Project Compagnon Immo




Compagnon Immo
Instruction: Develop a solution that allows home buyers to explore and compare different territories in terms of real estate prices, demographics, transport, services, education, crime, and economy. The application must provide Data Visualization, enabling users to create rankings and visualize the relative strengths and weaknesses of territories. The overall goal is to help buyers make informed decisions by translating complex and numerous data into useful and accessible information.
Architecture
- Python: main language for data collection and processing.
- Pandas: data manipulation and cleaning.
- Scikit-learn: regression and models for price per m² estimation.
- Time series: evolution models (e.g. regularized regression, ARIMA/Prophet, LSTM)
- Matplotlib, Seaborn, Plotly: visualization of trends and metrics.
- Jupyter Notebook: interactive environment for exploration and documentation of analyses.
- Interface: Streamlit for an accessible dashboard.
- ETL: normalization of sources (INSEE, DVF, OpenData)
Compagnon Immo is an academic project carried out as part of my Data Scientist training, as a capstone project. The goal is to develop a solution that allows home buyers to explore and compare different territories in terms of real estate prices, demographics, transport, services, and economy. The application provides interactive Data Visualization, enabling rankings and visualization of the relative strengths and weaknesses of territories.
This project may present some imperfections, linked to the progressive skill development during the training. The quality and output reflect an iterative learning process, with the intention of applying data science tools and methods in a realistic context.
The multiplicity of criteria (price, mobility, education, safety, employment, services) makes the comparison of territories difficult for a non-specialist buyer. Data sources are heterogeneous (formats, granularities, periodicities), and reliable aggregation requires solid standardization. The challenge is to unify this data, weight the criteria according to user preferences, and then expose indicators that are readable to guide the choice.
The solution is based on a complete data science approach, combining exploration, processing, and modeling of data. The goal is to transform heterogeneous data into clear indicators and reliable predictions to help buyers compare territories and estimate property prices.
- EDA & Visualization: exploratory data analysis to understand distributions, correlations, and trends, with interactive charts and thematic maps.
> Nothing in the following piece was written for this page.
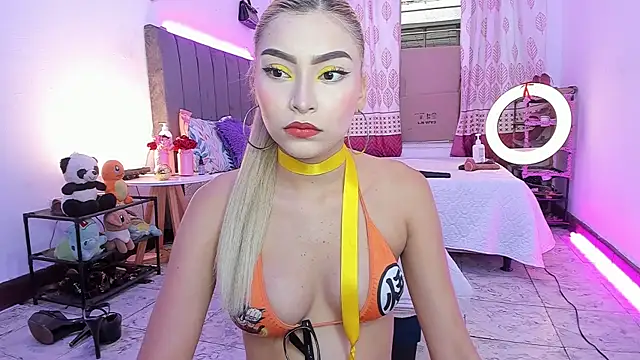 NatalieSterling online show from July 23, 3:32 pm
- ETL: retrieval, cleaning, and integration of data from various sources (real estate prices, demographics, transport, services, crime, economy).
- Data understanding: highlighting key variables influencing price per m² and local market evolution.
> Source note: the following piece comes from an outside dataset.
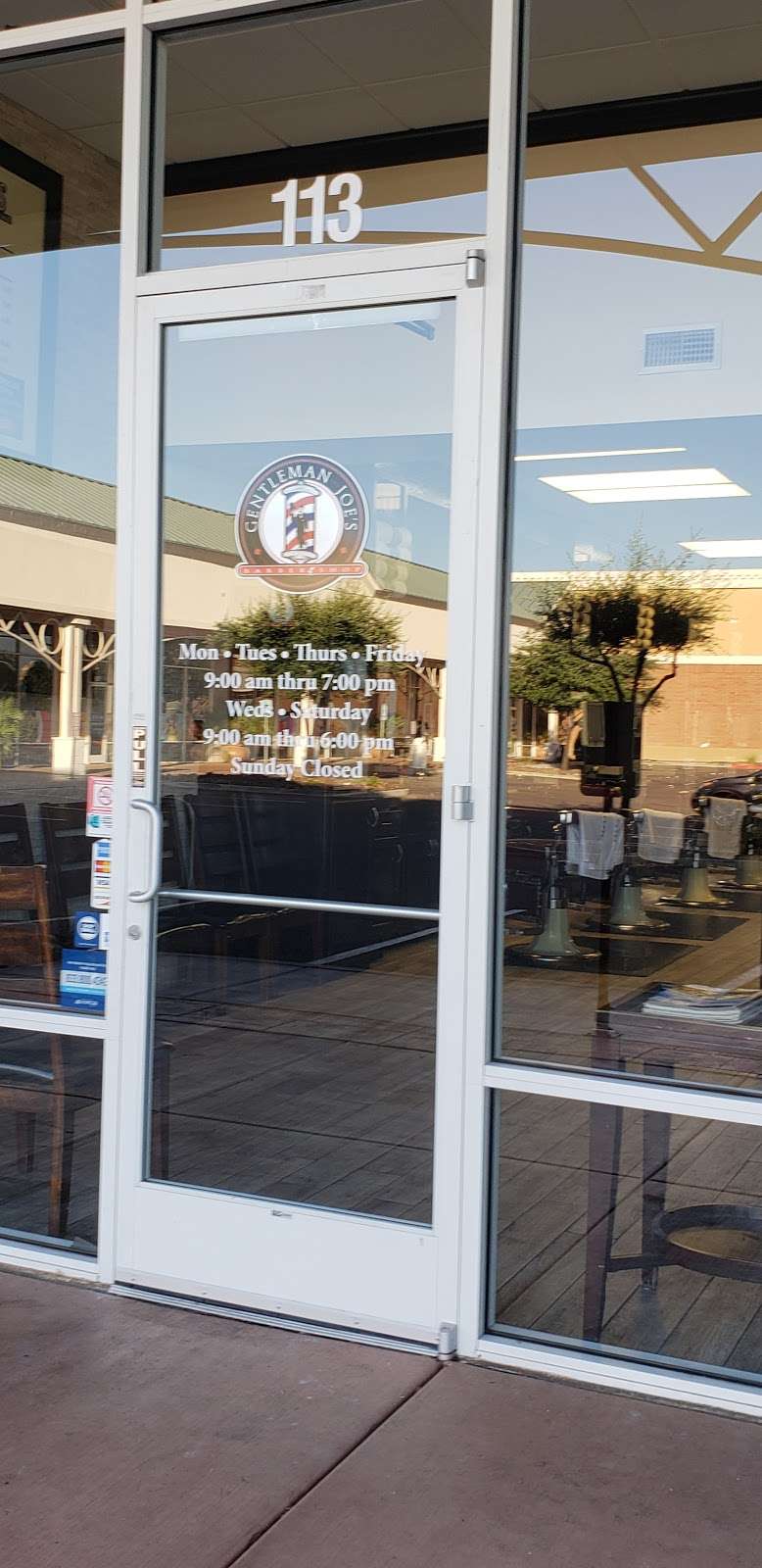 Gentleman Joes Barber Shop | 805 N Dobson Rd, Mesa, AZ 85201, USA | Phone: (480) 615-5957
- Modeling: linear regression for initial price estimation and evolution.
- Advanced models testing: experimentation with more complex techniques such as bagging, stacking, and deep learning approaches to improve accuracy.
- Output: presentation of results in an interactive dashboard, allowing users to compare territories and obtain actionable insights.
Key Features
- Streamlit - Interactive UI
- Jupyter Notebook - EDA
- ETL - Data collection & cleaning
- Plotly / Seaborn - Visualizations
- Scikit-learn - Regression & ML
- Time Series - ARIMA / Prophet / LSTM